Jessica Henwick

Jessica Henwick is a Eurasian director, writer and actor born in Surrey. She was raised on a steady diet of Singaporean food and fantasy books, and to her father’s dismay dropped out of school when she was seventeen. Her BAFTA-nominated directorial debut “Bus Girl” won the Audience Award and Best Narrative Short at the Birmingham Film Festival and Coronado Film Festival, respectively. She is also the recipient of the Mary Pickford Prize for female filmmakers and last year was named The Hollywood Reporter’s Rising Star and Variety’s Top 10 to Watch. She can currently be seen in “Glass Onion: A Knives Out Mystery” on Netflix.

Tara Karajica talks to Jessica Henwick about her directorial debut with the short film “Bus Girl, the short form, her acting career, women in film and what she is up to next.


What made you want to become an actress?

Jessica Henwick: I just always loved telling stories from a really young age. And, I think that I was always going to end up in the arts in one way. I started acting when I was a teenager and I think it was a pretty natural progression for me to end up writing and directing as well because I kind of see them all as the same thing, which is storytelling.

Can you delve more into your jump to directing? Was it difficult?

J.H.: It was definitely difficult. But I think a lot of the difficulties were in my mind. I had wanted to direct for a really long time, but I didn’t go to film school or even drama school and I dropped out of school when I was sixteen. So, I just felt like I wasn’t qualified and that’s what held me back for a really long time. And, my producer, Louise [Palmkvist Hansen], had been telling me for a while: “You should really try directing, you should try directing.” I kept saying: “You know, it’s not ready. I’m not ready. It’s not the right time. It’s not the right project.” And, finally, I got to the stage where I realized it will never be the right time, or the right project. You just have to do it and learn on the job. And, I was very privileged to be able to do that because of my acting and to have the support team, a crew and a cast who I had worked with on other projects – some of them anyway –. So, it was a perfect storm of everyone’s availability opening at the same time and we got quite lucky, I think.

How did Bus Girl come about?

J.H.: So, Louise, my producer, who I mentioned, called me and we’ve been going back and forth about making a short film because in England if you want to go through the BFI or any sort of Arts Council film funding, usually for a feature, you have to have made two shorts to prove that you can do it and to be eligible for government funding. So, I started writing down this idea and it happened very quickly. I think I finished the script in an hour or so and I sent it to her – it was a very early version, obviously – and she sent it to the phone company. We, for anyone who doesn’t know, shot this on a phone. And, they were like: “Yeah, do it!” I think we had a month of pre-production from that point onwards until I started filming in London.

I see there’s a parallel between the film world and the fine dining world and how difficult it is to exist in both ecosystems, but it’s also from a female perspective. Can you elaborate on that?

J.H.: For me, it’s always character and story first, but I’m definitely drawn to stories about underdogs and very female centric stories.
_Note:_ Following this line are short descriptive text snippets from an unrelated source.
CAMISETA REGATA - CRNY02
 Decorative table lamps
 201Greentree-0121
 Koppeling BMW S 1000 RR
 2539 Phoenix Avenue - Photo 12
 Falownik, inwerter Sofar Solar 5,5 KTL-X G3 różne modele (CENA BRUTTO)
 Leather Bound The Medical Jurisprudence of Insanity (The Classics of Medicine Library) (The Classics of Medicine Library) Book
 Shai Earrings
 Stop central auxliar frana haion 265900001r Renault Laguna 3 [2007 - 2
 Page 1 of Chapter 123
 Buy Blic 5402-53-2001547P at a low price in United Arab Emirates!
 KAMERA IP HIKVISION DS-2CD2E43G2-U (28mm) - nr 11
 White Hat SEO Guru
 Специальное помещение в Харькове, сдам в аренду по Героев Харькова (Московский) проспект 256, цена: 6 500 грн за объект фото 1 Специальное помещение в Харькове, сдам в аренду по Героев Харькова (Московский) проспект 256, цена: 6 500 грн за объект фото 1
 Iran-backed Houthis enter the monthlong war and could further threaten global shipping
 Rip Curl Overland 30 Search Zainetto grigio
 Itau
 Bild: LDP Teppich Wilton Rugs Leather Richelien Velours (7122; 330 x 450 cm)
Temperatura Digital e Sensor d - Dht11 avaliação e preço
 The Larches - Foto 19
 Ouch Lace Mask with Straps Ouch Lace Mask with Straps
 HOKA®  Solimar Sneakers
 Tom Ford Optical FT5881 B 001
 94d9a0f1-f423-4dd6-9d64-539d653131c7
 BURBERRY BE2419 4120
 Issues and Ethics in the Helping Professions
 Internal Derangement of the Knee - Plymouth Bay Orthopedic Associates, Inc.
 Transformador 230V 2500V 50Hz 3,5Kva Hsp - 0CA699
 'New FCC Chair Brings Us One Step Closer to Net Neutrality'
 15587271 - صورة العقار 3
I’m never going to write a film about five guys; that’s just not what I’m good at. And, I wouldn’t feel like I’d know what to do. But, of course, I can write about women very easily. And, yes, there are a lot of parallels. I really think that it’s about having a dream and something that’s not considered reachable. With the culinary world, the best chefs that we named drop, the Gordon Ramsays of the world – the first one that came into my head – are usually men. The percentage of women working as head chefs in Michelin starred restaurants is pretty disproportionately male. And so, I just wanted to write about someone who was trying something that didn’t seem statistically possible, which is really how I felt as a child when I started acting. Everyone kept telling me the chances of me being able to make a living from this work were so low because, I mean, how many Asian actors do you remember on screen in the 90s? Really? When I told people I wanted to be an actor, everyone would just go: “Lucy Liu.” That was the one person that they could name. Who is incredible, and I love her, but she is an American, and there was no one in the UK doing it. So, it really didn’t seem statistically possible. Even my drama teacher said to me: “You shouldn’t do this. There just aren’t going to be roles for you.” But I have that sort of delusional self-belief that you need sometimes to get you to keep going. And, I fed on it and the more people told me it wasn’t possible, the more I was like: “Well, then I have to do it.” Just to prove them wrong. So yes, there are a lot of parallels between breaking into the cooking industry and breaking into the arts, but I think across the board; any industry which you are in minority, whether that’s for your gender, your ethnicity, age, whatever it is. I hope that people can watch the film and go: “Oh, I know this feeling. I know this experience.”

I noticed that you drew a lot of inspiration from Wong Kar-wai’s films for Bus Girl in terms of aesthetics. Would you agree with that assumption?

J.H.: I’m a huge Wong Kar-wai fan and it feels silly for anyone to even compare. He has more talent in his little finger than I do in my whole body. I think he’s a genius! But I also think that every Asian director goes through a Wong Kar-wai phase. He is so seminal that it felt almost like a rite of passage, that I would get this out of my system and do a Wong Kar-wai thing and then be like: “Okay, I’ve done it and now I will try something else!” My favorite film of all time is Chungking Express. So, that was in the back of my head. We actually had a Chungking Express shot – the slow lead character and the really fast blurred background – and we couldn’t make it in time, but there’s also a reference to Eat Drink Man Woman [by Ang Lee] in the opening scene. The dish that she makes for her mother is the same dish that the father makes for his daughter in Eat Drink Man Woman. So, it was sort of an homage to how food is such a big part of Asian culture and how we communicate and how we express affection.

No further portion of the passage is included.